A parlare è Kirk Kilgour, campione californiano di pallavolo negli anni Settanta. Quali furono quelle preghiere alle quali l’atleta si riferisce? Entrare a far parte della Nazionale di volley negli Stati Uniti? Essere il primo statunitense a giocare nel Campionato italiano? Oppure vincere uno scudetto con la sua Ariccia Volley Club, o magari il divenire secondo allenatore della Nazionale italiana.
No, Kirk Kilgour scrisse la sua Preghiera di ringraziamento in seguito all’infortunio che gli paralizzò il corpo.

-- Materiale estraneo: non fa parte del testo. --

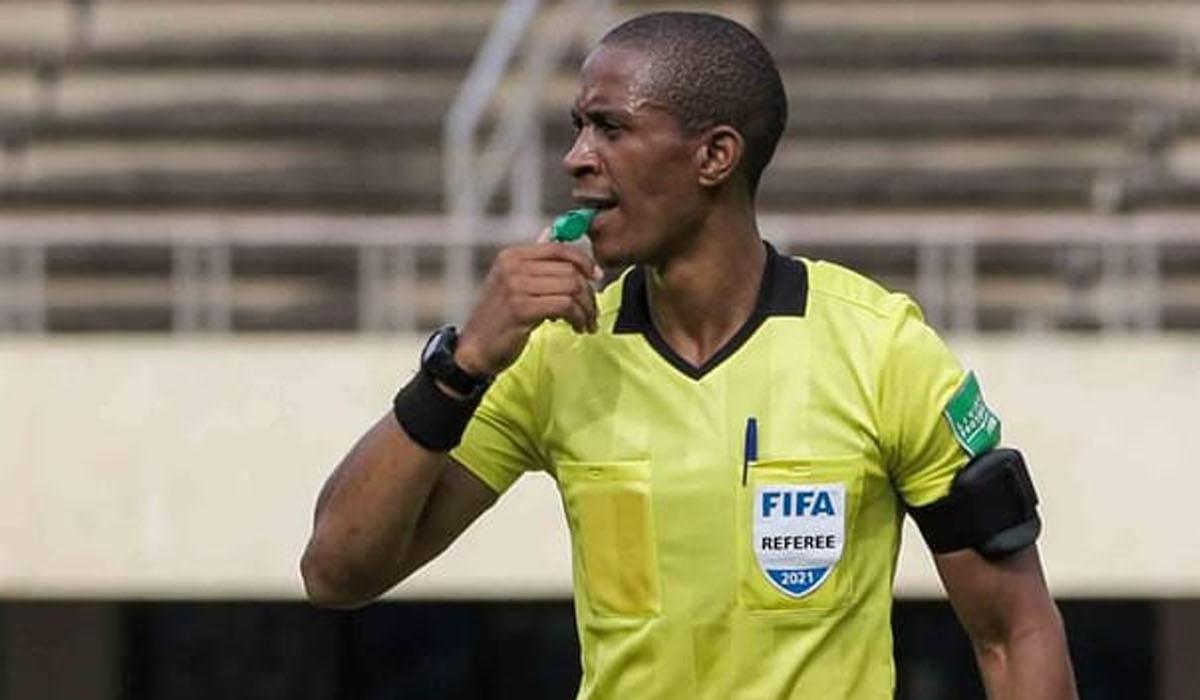 حكم من زيمبابوي لإدارة مباراة الأهلي وشبيبة القبائل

Dopo anni passati a saltare, Kilgour l’8 gennaio 1976 perde l’uso di tutti e quattro gli arti a causa di un cattivo movimento commesso mentre era a Roma, impegnato come Assistant Coach ad eseguire routinari esercizi di riscaldamento. Quel movimento gli procura la lussazione della quinta vertebra cervicale e, dunque, un’irreversibile lesione al midollo spinale.
Non sempre la grandezza fisica corrisponde a quella spirituale, ma nel caso dell’Angelo biondo, così l’hanno chiamato, esse coincidono perfettamente.
“Muore lentamente chi passa i giorni a lamentarsi della propria sfortuna o della pioggia incessante.”
Pare che Kirk Kilgour abbia preso alla lettera le parole della poetessa Martha Medeiros, decidendo di non “morire lentamente”, reagendo con coraggio e vigore ad un destino difficile da accettare. Costretto su una sedia a rotelle non ha dimenticato che “evitiamo la morte a piccole dosi ricordando sempre che essere vivo richiede uno sforzo di gran lunga maggiore del semplice fatto di respirare.”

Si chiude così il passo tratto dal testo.